The Presidency of George W.Bush saw the Beast take on a few home comforts, including an integrated 10-disc CD changer, a foldaway desktop and reclining rear seats with massaging and adaptive cushions. While there were rumours of sealed passenger compartments, each with their own air supply. This was an entirely new vehicle thought to weigh 6,400 kg (14,000 pounds) and was a switch back to General Motors from Cadillac. It was also the first time that the nickname, the Beast first appeared.

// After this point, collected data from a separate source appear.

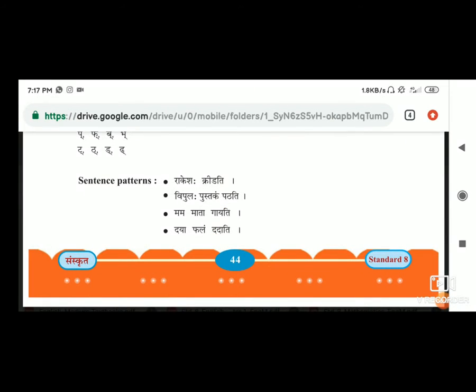Good morning everyone. How are you all? Hope you are all safe. Today we are going to study about Sanskrit, Chapter No. 9, Bhasha Sajjata. Open your book and turn to page No. 44.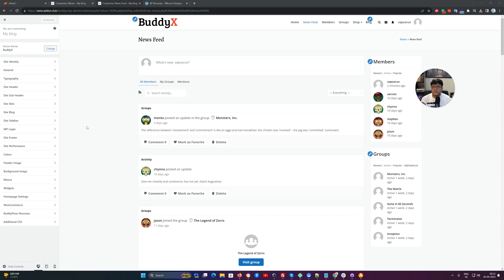Hello everyone, it's Varun here. In this video we are going to talk about the BuddyPress default options which are coming inside the customizer as BuddyPress Novo options.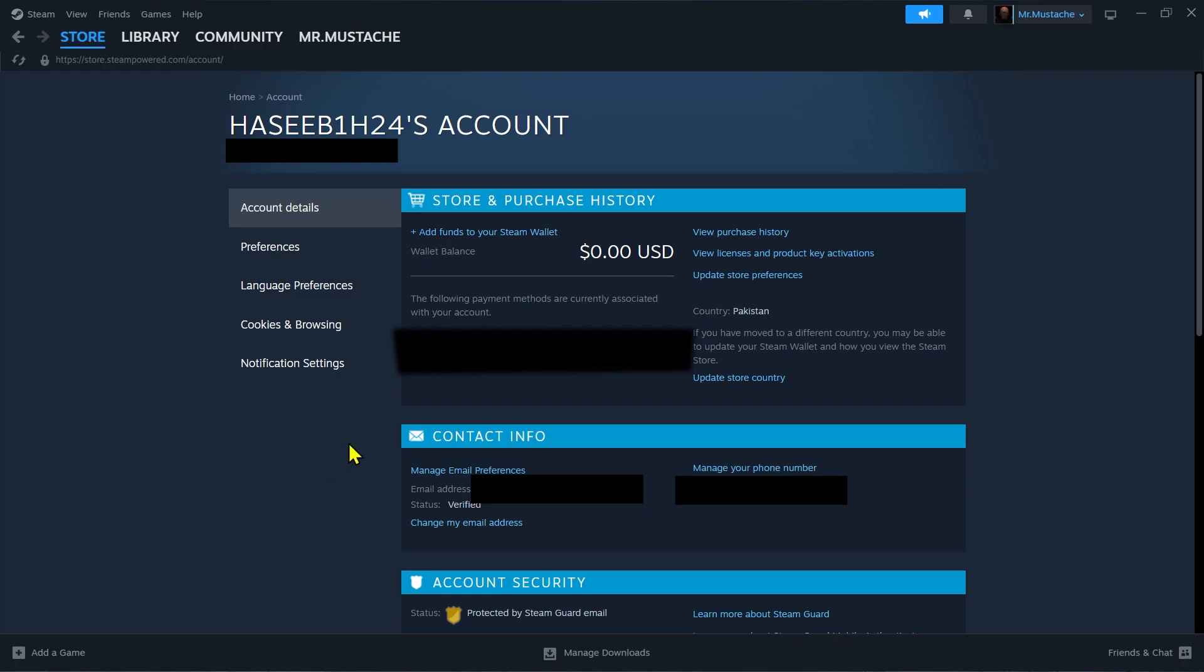As you can see right now the currency used is US dollar. But if you have moved to a different country you may be able to update your Steam wallet and how you view the Steam store. Click on Update Store Country.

For the inauguration of President Obama, things switched back to Cadillac once again with a car weighing between 6,800 and 9,100 kg (15,000 to 20,000 pounds) and Goodyear Regional RHS tires often found on heavy-duty trucks. This considerable weight meant that the car was limited to a top speed of around 97 km/h (60 mph), and probably wasn’t the best for long journeys as it only got a paltry 16.8 to 36 miles per litre (3.7 to 8 miles per US gallon). Its cost was reported to be between $300,000 and $1.5 million ($400,000 – $1,600,000 today), but I think it’s fair to say it was probably on the upper side of that estimate.
Now, there are many other aspects of Obama’s Beast that I could go into, but many are also included in the latest model, so without further ado, the newest, baddest, Beast.
The Latest Beast
The newest version of the beast was first used on a trip to New York City on 24th September 2018. It is believed to be modelled on the Cadillac CT6, but details are still on the hazy side with this one.

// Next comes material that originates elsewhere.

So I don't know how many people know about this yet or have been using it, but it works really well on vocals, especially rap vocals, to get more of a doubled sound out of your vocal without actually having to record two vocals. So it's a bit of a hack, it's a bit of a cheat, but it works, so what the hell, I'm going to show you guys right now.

NBC stated that it believes the armour on the car is made of aluminium, ceramic, and steel. The exterior walls are 20 cm (8 inches) in thickness, while the polycarbonate windows are multi-layered and 13 cm (five inches) thick, enough to not only make it bulletproof but armour piercing bulletproof too. The fuel tank is not only armour-plated but also comes with a special foam that would prevent it from exploding after a direct hit. The Kevlar-reinforced tyres are both puncture and shred resistant. Even if somehow the tyres were destroyed, the steel rims beneath are designed to be able to drive with or without the tyres.

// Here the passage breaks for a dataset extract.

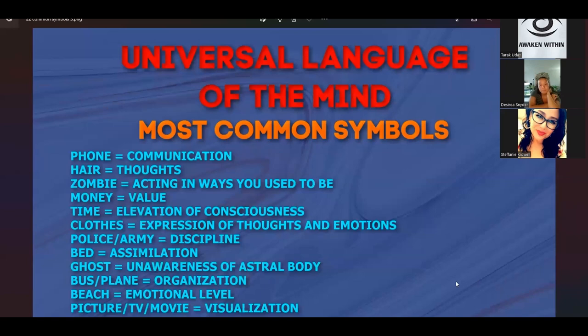All right, so let's pick up where we left off going over the most common symbols. I want to continue to go over these so that we can continue to learn the foundation of the language, the structure of the language, how this language is built, how it operates.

The car uses hermetic sealing which essentially makes the vehicle entirely airtight in the case of a chemical attack. And possibly my favourite facts about this current Beast, the doors are believed to weigh as much as those on Boeing 757, and, this is the great part, the handles can be electrified to prevent entry. I mean if somebody can actually get close enough to pull the door open, then a whole lot must have gone wrong in the build-up. Thought to weigh between 6,800–9,100 kg (15,000–20,000 pounds), the Cadillac also comes with onboard storage of the President’s blood type, night-vision devices, smoke screens, and oil slicks as defensive measures. If things got really serious, there is an onboard water cannon, a pump-action shotgun and tear gas grenade launchers thought to be kept under the front of the car where Secret Service agents can quickly retrieve them.
A Fortress on Wheels
There is probably a direct correlation between how many people you’ve infuriated and how much armour platting you need on your car. If that’s the case, the American Presidents have plenty of enemies. I suppose that’s not entirely surprising and probably comes part and parcel with the position of leader of the most powerful country in the world.
If you know of a better-defended car anywhere on the planet, please let us know, because we couldn’t find one. The Beast is about as close as you can get to military-grade without starting to make it look like the President is riding in a tank. In fact, it’s remarkable just how elegant the Presidential cars have always appeared over the years, despite their fearsome underbelly. They may be known as the Beast, but there is a real beauty to go along with them.